At the corner of Grant and Chambers streets in Fernwood sits an unassuming garden with a hand painted sign that reads “Baby Arlo’s garden.”
Just underneath that sign there’s another post that reads “notice of eviction.”
The 500 sq. ft. plot is the creation of Andrew Poucher, who, four years ago, planted its first seed, shortly before his son Arlo was born. Poucher and his wife had just moved to Victoria when they realized they were pregnant.
Without any jobs they realized they needed to settle down and try to establish themselves; the garden was one way to help out.
“We didn’t need it to survive, but it was an affordable way to get some vegetables and an inexpensive hobby,” Poucher said.

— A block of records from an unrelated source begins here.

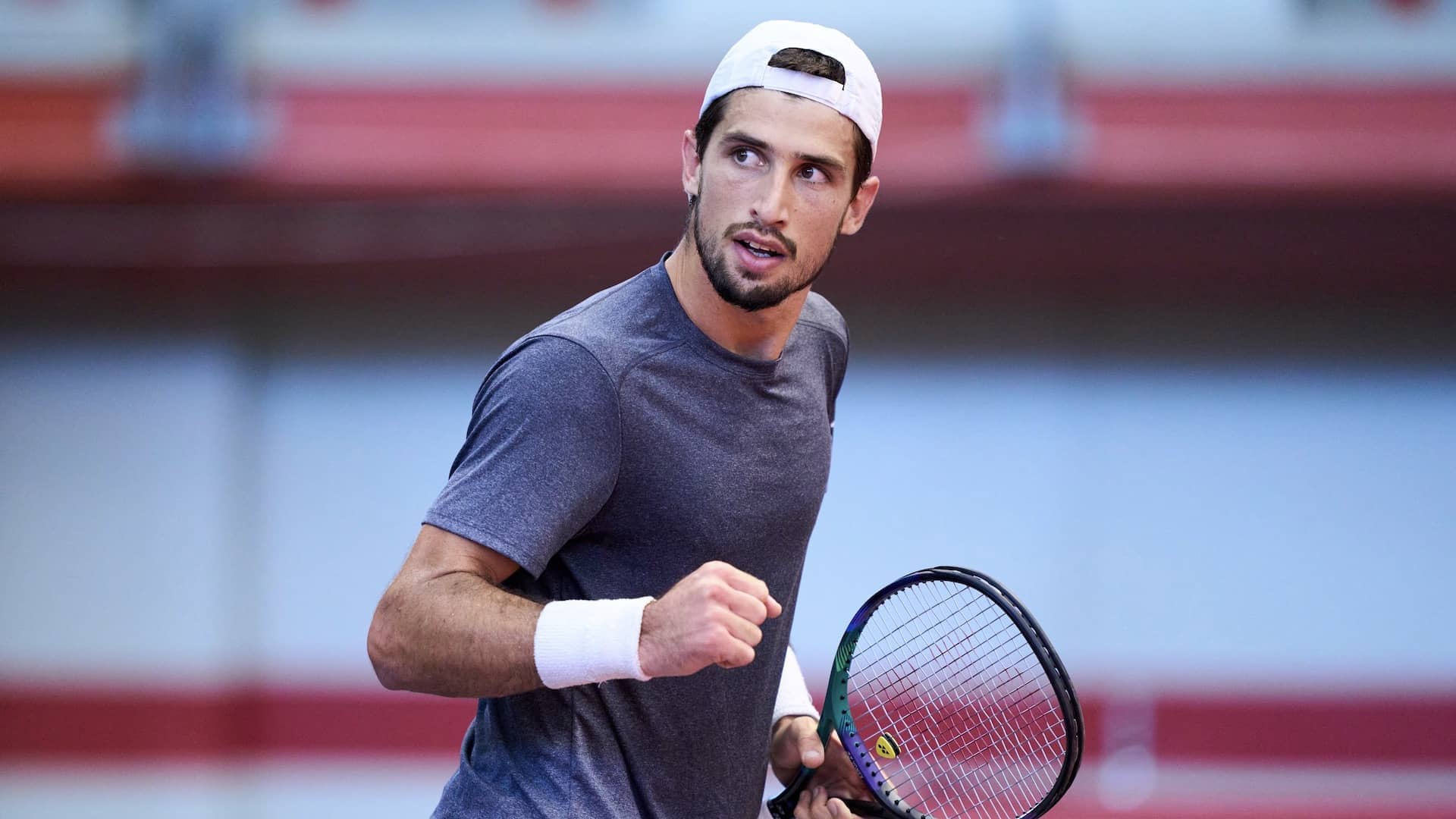 Pedro Cachín supera a Adrian Mannarino en la primera ronda del ATP 250 de Nápoles.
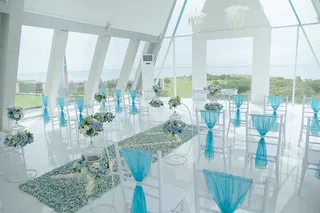 教堂，鲜花，巴厘岛，天空，装饰安排，玻璃材料，透明，窗户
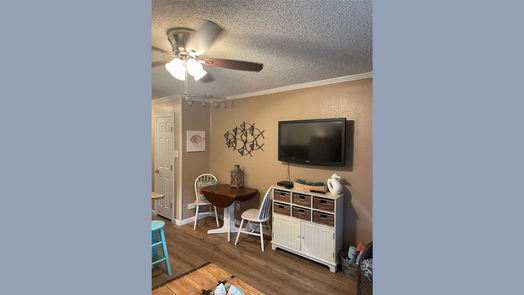 Galveston 1-story, 1-bed 6102 Seawall Blvd 120-idx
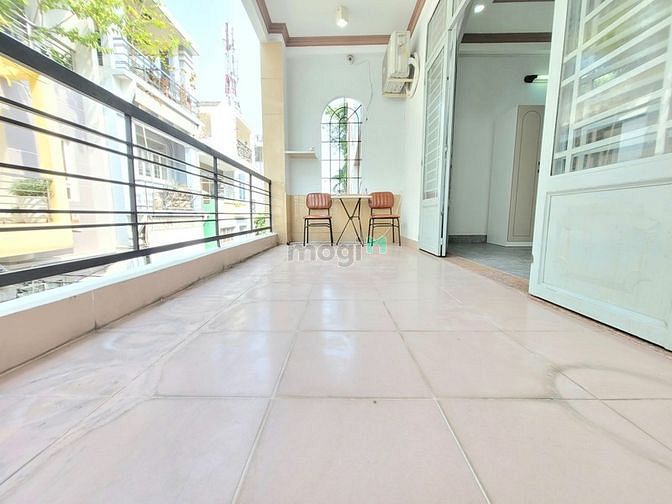 Hình ảnh ⭐ CHO THUÊ CH BALCON 🍀 Đường Thành Thái 🍀 Quận 10 ⭐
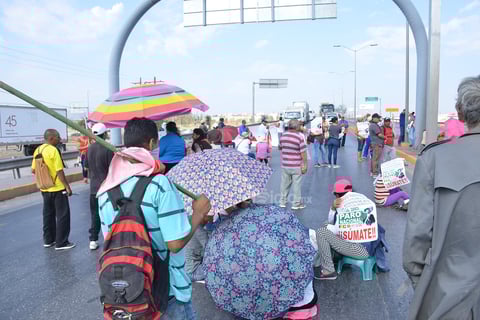 Señalaron además que se trataba de un 'paro nacional', en el que exigen la modificación o derogación de algunos artículos constitucionales que afectan su actividad agrícola desde hace años, así como de que se agilice la entrega de recursos que requieren los productores en las diversas partes de México.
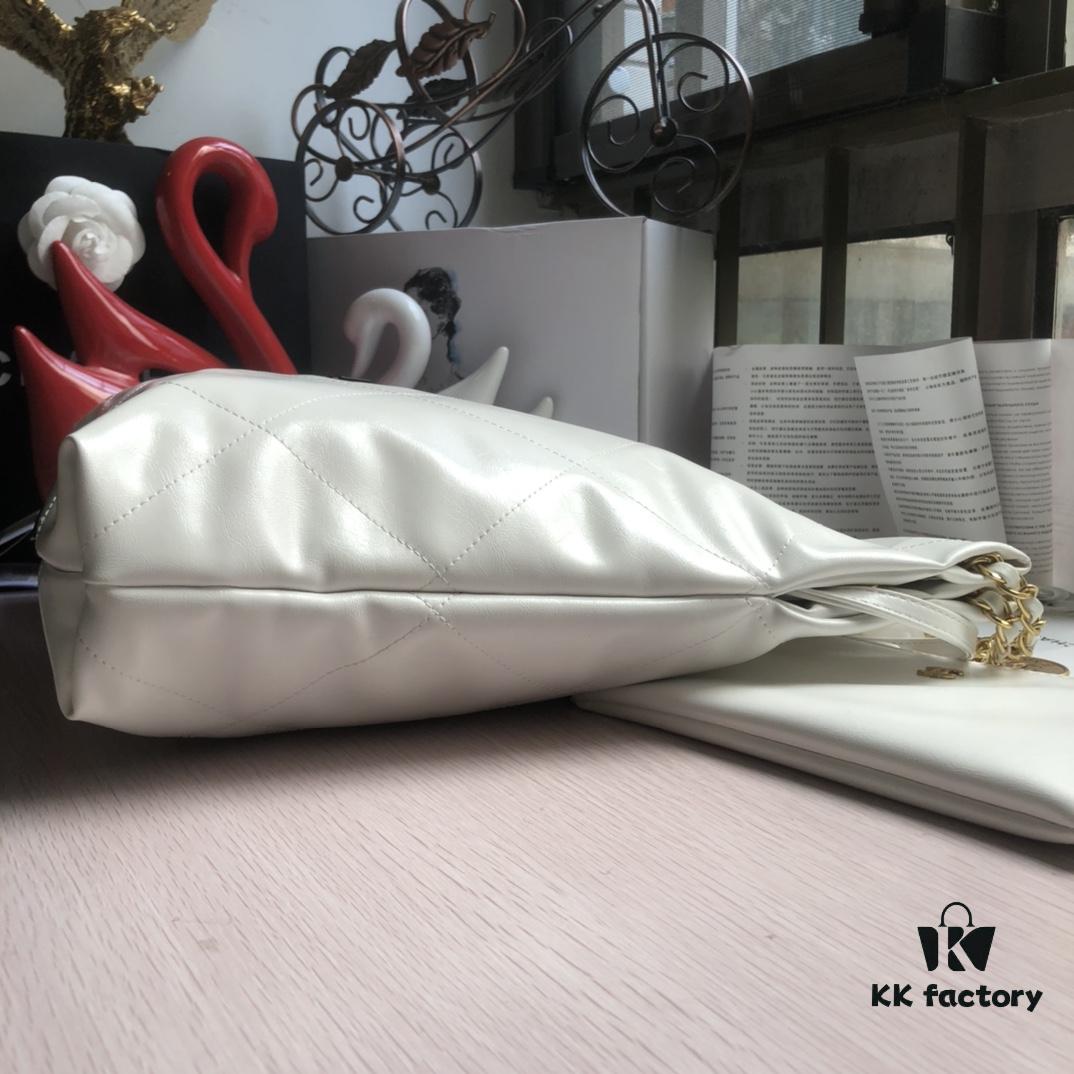 Exclusive Launch, High Quality 22 Bag: Premium Calfskin Leather Drawstring Tote, Spring 2022 New Arrival – Comparable to Original Order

|Andrew Poucher plants a cucumber seed in his garden in Fernwood. Poucher thought the garden was on public property when he started it four years ago, but recently discovered it belonged to School District 61. The district has threatened to demolish the garden. Nicole Crescenzi/VICTORIA NEWS|
The couple looked at nearby community gardens, but most had wait lists of a year or more. That’s when Poucher noticed the corner in a park near their home that was disheveled and covered in glass and needles, but that appeared to have once been a garden based on some overgrown boxes and loose stone walls.
“We poked around and asked some neighbours and everyone seemed happy with the idea,” he said, of bringing the greenery back to life.
Poucher said they never reached out to anyone from the City of Victoria. “We didn’t do our due diligence in research, I take full responsibility for it.”
So they started the garden, and have continued to grow fruit, nuts, hops, and edible flowers. Poucher thinks of it as a community zone that he wants other people to use, and he encourages people to take some of the food if they’re hungry.
|Arlo Poucher shows off some plants he harvested from his garden in Fernwood. The garden is at the centre of a property dispute after School District 61 realized it belongs to them. Nicole Crescenzi/VICTORIA NEWS|
But in late April he went to the garden to find a business card from School District 61 asking him to call them.
Poucher was told that the property belonged to the school, that he was trespassing, and that the garden would be removed within the week.
“I started calling around, apparently someone had made a complaint to the City,” Poucher said. “The school board didn’t realize it was their property until they pulled out their land survey and saw their property lines.”
Poucher said he was told the school board was going to bulldoze the lot and cover it in grass seeds. He was later told he would have some additional time until a board meeting takes place, possibly as soon as May 15.
In the meantime, Poucher has started a petition to save the garden that has gathered more than 500 signatures.
Tom Ferris, SD61 vice-chair said the district and the City will need the property for future plans, including a rebuild of Victoria High School.
“We’re looking at a new community plan for that area, and I suspect the City and the school board will be working together to see what that will involve,” he said. “With that in mind, it probably would not be a good thing for us to have somebody cultivating the land.”
Ferris said that it’s not an unusual situation because the school board owns a lot of property, some of it quite small and in remote places, that the school board doesn’t have a budget to regularly maintain. He said one of the main concerns now that they are aware of the garden is liability.
While no official decision has been made yet, Ferris said he believes the board will let Poucher finish harvesting for this season before getting rid of the garden.
“We’re don’t want to be mean spirited,” he said. “We’re people too, and understand that he has an attachment to the garden… it’s just on our property.”